Study findings demonstrate the complexity and interconnectedness of imaging appropriateness, the potential reasons driving ordering practices, and the importance of increasing radiologic technologists' familiarity with appropriate use criteria. Further, the results show the importance of using clinical decision support mechanisms and ensuring that potential risk from ionizing radiation exposure remains a core component of the decision-making process when choosing among imaging examinations of similar diagnostic value.

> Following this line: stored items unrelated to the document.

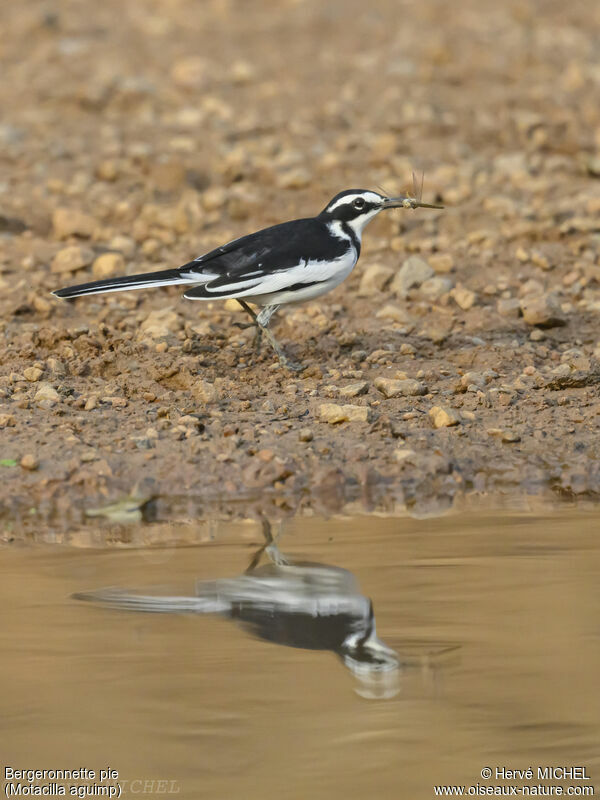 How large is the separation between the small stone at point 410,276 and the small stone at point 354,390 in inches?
63.6

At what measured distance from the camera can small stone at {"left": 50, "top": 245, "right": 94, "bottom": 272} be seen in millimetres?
8344

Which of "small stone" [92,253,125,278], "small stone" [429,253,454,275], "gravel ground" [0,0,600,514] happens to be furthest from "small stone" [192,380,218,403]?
"small stone" [429,253,454,275]

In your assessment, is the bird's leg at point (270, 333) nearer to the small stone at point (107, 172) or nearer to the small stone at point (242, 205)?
the small stone at point (242, 205)

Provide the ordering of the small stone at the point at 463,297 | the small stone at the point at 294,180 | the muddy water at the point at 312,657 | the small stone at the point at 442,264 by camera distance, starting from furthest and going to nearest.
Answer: the small stone at the point at 294,180, the small stone at the point at 442,264, the small stone at the point at 463,297, the muddy water at the point at 312,657

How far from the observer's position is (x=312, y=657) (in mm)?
3953

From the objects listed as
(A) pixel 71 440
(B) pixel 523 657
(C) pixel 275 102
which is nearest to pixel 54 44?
(C) pixel 275 102

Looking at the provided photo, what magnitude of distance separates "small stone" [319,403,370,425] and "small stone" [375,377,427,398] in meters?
0.34

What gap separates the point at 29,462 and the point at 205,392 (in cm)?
100

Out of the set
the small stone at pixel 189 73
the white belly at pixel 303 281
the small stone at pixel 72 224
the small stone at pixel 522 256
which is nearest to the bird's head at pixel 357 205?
the white belly at pixel 303 281

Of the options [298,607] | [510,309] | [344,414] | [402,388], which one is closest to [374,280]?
[510,309]

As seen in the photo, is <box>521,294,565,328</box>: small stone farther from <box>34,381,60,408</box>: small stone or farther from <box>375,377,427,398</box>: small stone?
<box>34,381,60,408</box>: small stone

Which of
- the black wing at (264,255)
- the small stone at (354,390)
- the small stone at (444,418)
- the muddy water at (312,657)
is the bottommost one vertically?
the muddy water at (312,657)

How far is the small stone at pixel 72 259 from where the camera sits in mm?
8344

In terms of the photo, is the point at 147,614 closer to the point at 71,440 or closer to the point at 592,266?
the point at 71,440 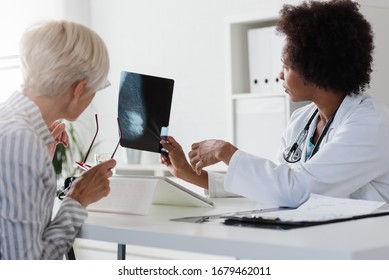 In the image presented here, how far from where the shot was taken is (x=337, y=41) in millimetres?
2309

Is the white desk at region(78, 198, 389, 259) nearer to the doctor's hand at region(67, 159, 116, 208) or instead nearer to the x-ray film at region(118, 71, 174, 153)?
the doctor's hand at region(67, 159, 116, 208)

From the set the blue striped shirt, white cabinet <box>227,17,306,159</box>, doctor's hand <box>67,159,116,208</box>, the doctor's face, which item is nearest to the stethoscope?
the doctor's face

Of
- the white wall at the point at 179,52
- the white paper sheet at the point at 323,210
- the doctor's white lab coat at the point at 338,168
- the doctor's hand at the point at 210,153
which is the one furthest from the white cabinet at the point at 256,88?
the white paper sheet at the point at 323,210

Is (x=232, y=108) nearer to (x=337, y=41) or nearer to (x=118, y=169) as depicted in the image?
(x=118, y=169)

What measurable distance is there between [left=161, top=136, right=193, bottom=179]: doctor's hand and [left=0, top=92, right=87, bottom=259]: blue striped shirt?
2.10 ft

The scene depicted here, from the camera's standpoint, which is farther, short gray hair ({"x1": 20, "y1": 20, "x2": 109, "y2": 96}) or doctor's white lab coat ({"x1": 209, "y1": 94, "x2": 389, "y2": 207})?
doctor's white lab coat ({"x1": 209, "y1": 94, "x2": 389, "y2": 207})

Further research needs to be conducted to better understand perceptions of imaging appropriateness, how perceptions align or deviate from appropriate use criteria, and improvements in imaging appropriateness from enhanced radiologic technologist-provider collaboration.
通过成像方式确定美国放射技师对成像适宜性的看法,并研究描述性变量与成像适宜性评分感知之间的关系。
采用横断面调查收集数据并检验假设。从事放射摄影、计算机断层扫描和乳房 X 光摄影的放射技师有资格参与研究。调查工具项目经过有效性和可靠性评估。计算了分类和描述性数据,并使用单因素方差分析检验假设。
调查结果发现,放射技师认为完成的检查中有 16%至 30%是不适当的,主要原因是害怕诉讼和患者的期望。技师表示,成像的开具应基于成像程序对患者诊断或治疗的影响。研究发现 6 个主要影响因素,组间差异对成像适宜性评分感知有影响,包括主要从事的成像方式(<.001)、轮班时长(<.001)、工作班次(<.001)、主要执业机构(<.001)、主要患者人群(=.009)和教育水平(=.044)。在 ≤.05 的水平上,就业状态、主要角色、年龄、工作年限、成像证书数量、性别和执业地点没有统计学意义。
研究结果表明成像适宜性的复杂性和相互关联性、潜在的驱动成像开具的原因以及增加放射技师对适宜使用标准的熟悉程度的重要性。此外,结果表明在选择具有相似诊断价值的成像检查时,使用临床决策支持机制并确保潜在的电离辐射暴露风险仍然是决策过程的核心组成部分非常重要。
需要进一步研究以更好地了解对成像适宜性的看法,以及看法与适宜使用标准的一致或偏离程度,以及通过放射技师-提供者合作来提高成像适宜性。